Polycystic Ovarian Syndrome (PCOS) is common in women with infertility who also have a history of irregular menstrual cycles. Most infertile women with irregular cycles will be found to have PCOS, and most women with irregular periods will need some form of treatment in order to conceive. PCOS is characterized by a variety of different signs and symptoms. These include polycystic‐appearing ovaries on ultrasound, irregular (or absent) menstrual periods, excessive hair growth (hirsutism), weight gain, acne, and laboratory findings such as elevated testosterone levels or signs of insulin resistance. In addition to frequently being a cause of infertility, there are various significant non‐reproductive risks associated with PCOS for which patients and physicians alike must also be aware of.

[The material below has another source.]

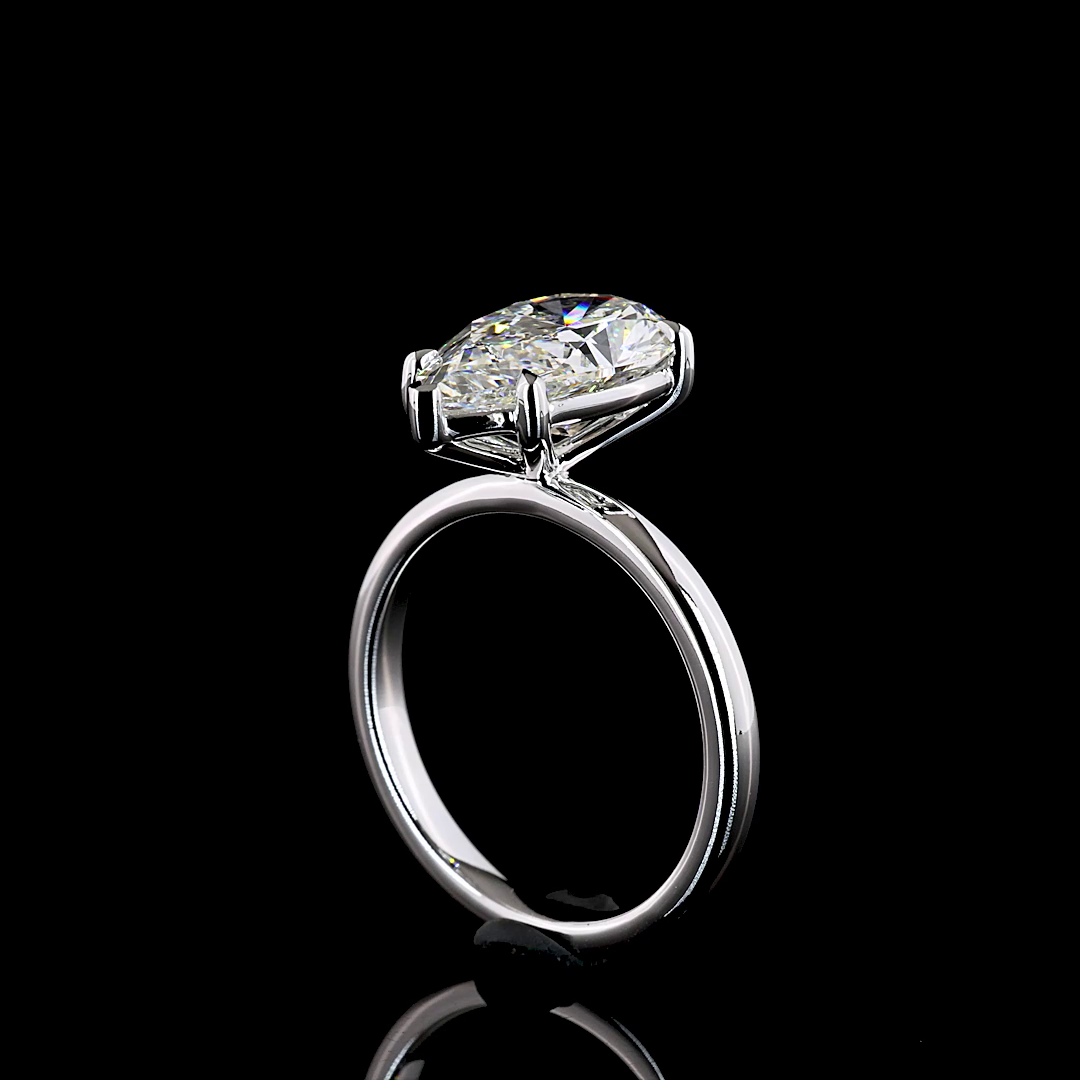 3.6 CT Pear Lab Grown Diamond Engagement Ring in 14K White Gold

In a recent editorial by Dr. Jeffrey Chang, a leading reproductive medicine specialist, two independent studies by Drs. Wang and Dokras, were cited that addressed non‐reproductive concerns for women with PCOS. In Dr. Wang’s study, women with PCOS had a twofold higher risk of developing diabetes mellitus. Interestingly, the risk persisted even after adjusting for body weight (body mass index). Additionally, normal‐weight women with PCOS had a threefold higher risk of diabetes than normal‐weight women without PCOS. This greater diabetes risk was present independent of male hormone (androgen) excess, which is a frequent symptom in women with PCOS. Dr. Chang believes that continued emphasis on lifestyle and behavior modification is critical in these patients. Another finding was that women with PCOS are also at increased risk for lipid disorders over time. However, when the data was adjusted with respect to the patients’ baseline lipid levels based on their age, the risk of lipid disorders was no longer significant, and hypertension (high blood pressure) was not found to be associated with PCOS.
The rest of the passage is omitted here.